Exercise details:
Lines from the line with "2 Low Leather Bomber MA-1 Jumper (2color)" to the line with "Barbecue or grill" in the entries below, and only those, must be output exactly, with both ends included.

The records:
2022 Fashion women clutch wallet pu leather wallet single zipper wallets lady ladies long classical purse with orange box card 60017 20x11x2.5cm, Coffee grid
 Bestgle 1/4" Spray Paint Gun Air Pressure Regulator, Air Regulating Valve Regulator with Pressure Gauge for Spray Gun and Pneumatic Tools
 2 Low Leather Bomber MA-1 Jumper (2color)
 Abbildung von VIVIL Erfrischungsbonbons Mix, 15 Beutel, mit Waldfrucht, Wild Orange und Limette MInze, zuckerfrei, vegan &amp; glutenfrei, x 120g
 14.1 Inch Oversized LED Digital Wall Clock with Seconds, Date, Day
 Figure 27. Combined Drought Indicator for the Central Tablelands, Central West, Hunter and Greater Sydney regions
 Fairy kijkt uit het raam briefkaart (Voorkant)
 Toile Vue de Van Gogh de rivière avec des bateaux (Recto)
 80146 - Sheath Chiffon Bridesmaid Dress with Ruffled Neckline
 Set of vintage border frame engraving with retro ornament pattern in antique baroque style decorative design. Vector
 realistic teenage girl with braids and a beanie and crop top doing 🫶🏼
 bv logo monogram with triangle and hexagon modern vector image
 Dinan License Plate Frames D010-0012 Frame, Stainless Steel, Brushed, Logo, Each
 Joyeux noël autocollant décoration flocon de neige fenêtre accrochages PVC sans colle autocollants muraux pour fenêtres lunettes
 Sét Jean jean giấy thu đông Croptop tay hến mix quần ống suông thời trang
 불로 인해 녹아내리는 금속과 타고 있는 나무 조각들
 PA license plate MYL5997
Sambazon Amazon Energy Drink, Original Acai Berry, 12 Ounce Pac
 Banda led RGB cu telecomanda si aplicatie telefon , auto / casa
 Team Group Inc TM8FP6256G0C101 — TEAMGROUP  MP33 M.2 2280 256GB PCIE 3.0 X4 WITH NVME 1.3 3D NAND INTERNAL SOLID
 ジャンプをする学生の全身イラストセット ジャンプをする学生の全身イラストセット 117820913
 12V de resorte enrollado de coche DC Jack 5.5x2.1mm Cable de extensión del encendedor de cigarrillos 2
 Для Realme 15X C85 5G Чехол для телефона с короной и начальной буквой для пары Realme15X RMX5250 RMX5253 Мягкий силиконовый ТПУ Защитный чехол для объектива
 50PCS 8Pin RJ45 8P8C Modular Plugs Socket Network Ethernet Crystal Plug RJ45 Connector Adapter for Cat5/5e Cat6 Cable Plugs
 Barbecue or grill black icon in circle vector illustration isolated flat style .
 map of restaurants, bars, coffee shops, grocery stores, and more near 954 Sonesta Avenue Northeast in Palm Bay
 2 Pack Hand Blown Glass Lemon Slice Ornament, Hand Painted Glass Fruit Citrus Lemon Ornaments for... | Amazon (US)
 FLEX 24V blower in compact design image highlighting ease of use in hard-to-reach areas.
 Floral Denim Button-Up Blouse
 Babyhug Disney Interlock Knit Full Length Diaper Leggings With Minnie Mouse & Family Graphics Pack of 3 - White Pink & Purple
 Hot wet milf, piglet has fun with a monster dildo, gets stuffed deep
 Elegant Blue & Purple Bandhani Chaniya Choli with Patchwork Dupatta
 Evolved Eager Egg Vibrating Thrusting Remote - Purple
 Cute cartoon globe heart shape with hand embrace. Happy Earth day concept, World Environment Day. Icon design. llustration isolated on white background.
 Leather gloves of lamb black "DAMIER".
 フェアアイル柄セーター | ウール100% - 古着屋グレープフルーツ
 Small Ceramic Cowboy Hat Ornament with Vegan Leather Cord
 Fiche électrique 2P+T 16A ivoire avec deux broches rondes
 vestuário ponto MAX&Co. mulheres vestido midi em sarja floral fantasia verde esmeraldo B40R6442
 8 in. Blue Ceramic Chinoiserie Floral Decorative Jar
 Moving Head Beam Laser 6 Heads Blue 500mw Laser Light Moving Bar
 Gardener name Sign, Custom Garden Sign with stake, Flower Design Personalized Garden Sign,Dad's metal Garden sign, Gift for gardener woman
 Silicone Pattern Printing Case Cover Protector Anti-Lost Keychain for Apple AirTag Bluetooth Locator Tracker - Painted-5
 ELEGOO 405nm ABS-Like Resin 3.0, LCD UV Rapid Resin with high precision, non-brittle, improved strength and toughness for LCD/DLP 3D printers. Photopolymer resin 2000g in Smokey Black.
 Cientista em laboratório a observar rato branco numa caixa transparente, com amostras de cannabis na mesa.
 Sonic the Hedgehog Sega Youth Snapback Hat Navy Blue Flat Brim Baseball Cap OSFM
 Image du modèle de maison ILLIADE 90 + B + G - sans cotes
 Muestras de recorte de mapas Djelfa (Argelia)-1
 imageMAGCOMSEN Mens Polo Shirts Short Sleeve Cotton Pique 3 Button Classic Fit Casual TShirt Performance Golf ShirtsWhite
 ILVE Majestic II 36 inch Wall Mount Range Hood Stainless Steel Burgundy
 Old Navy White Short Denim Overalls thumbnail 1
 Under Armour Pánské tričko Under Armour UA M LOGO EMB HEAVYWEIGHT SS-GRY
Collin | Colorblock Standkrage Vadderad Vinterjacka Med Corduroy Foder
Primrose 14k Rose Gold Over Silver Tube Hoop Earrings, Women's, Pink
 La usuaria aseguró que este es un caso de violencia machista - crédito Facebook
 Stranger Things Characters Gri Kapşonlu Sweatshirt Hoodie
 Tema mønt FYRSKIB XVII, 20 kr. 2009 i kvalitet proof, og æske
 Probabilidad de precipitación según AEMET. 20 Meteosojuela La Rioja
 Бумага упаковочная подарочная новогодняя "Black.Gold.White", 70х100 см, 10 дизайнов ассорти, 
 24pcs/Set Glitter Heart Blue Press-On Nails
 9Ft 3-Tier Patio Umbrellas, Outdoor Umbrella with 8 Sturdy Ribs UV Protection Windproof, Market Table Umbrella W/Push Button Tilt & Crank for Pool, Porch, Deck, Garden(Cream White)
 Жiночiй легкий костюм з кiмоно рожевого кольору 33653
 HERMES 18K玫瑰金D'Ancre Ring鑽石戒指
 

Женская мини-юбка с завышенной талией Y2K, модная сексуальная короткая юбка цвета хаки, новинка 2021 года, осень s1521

Output of the exercise:
 2 Low Leather Bomber MA-1 Jumper (2color)
 Abbildung von VIVIL Erfrischungsbonbons Mix, 15 Beutel, mit Waldfrucht, Wild Orange und Limette MInze, zuckerfrei, vegan &amp; glutenfrei, x 120g
 14.1 Inch Oversized LED Digital Wall Clock with Seconds, Date, Day
 Figure 27. Combined Drought Indicator for the Central Tablelands, Central West, Hunter and Greater Sydney regions
 Fairy kijkt uit het raam briefkaart (Voorkant)
 Toile Vue de Van Gogh de rivière avec des bateaux (Recto)
 80146 - Sheath Chiffon Bridesmaid Dress with Ruffled Neckline
 Set of vintage border frame engraving with retro ornament pattern in antique baroque style decorative design. Vector
 realistic teenage girl with braids and a beanie and crop top doing 🫶🏼
 bv logo monogram with triangle and hexagon modern vector image
 Dinan License Plate Frames D010-0012 Frame, Stainless Steel, Brushed, Logo, Each
 Joyeux noël autocollant décoration flocon de neige fenêtre accrochages PVC sans colle autocollants muraux pour fenêtres lunettes
 Sét Jean jean giấy thu đông Croptop tay hến mix quần ống suông thời trang
 불로 인해 녹아내리는 금속과 타고 있는 나무 조각들
 PA license plate MYL5997
Sambazon Amazon Energy Drink, Original Acai Berry, 12 Ounce Pac
 Banda led RGB cu telecomanda si aplicatie telefon , auto / casa
 Team Group Inc TM8FP6256G0C101 — TEAMGROUP  MP33 M.2 2280 256GB PCIE 3.0 X4 WITH NVME 1.3 3D NAND INTERNAL SOLID
 ジャンプをする学生の全身イラストセット ジャンプをする学生の全身イラストセット 117820913
 12V de resorte enrollado de coche DC Jack 5.5x2.1mm Cable de extensión del encendedor de cigarrillos 2
 Для Realme 15X C85 5G Чехол для телефона с короной и начальной буквой для пары Realme15X RMX5250 RMX5253 Мягкий силиконовый ТПУ Защитный чехол для объектива
 50PCS 8Pin RJ45 8P8C Modular Plugs Socket Network Ethernet Crystal Plug RJ45 Connector Adapter for Cat5/5e Cat6 Cable Plugs
 Barbecue or grill black icon in circle vector illustration isolated flat style .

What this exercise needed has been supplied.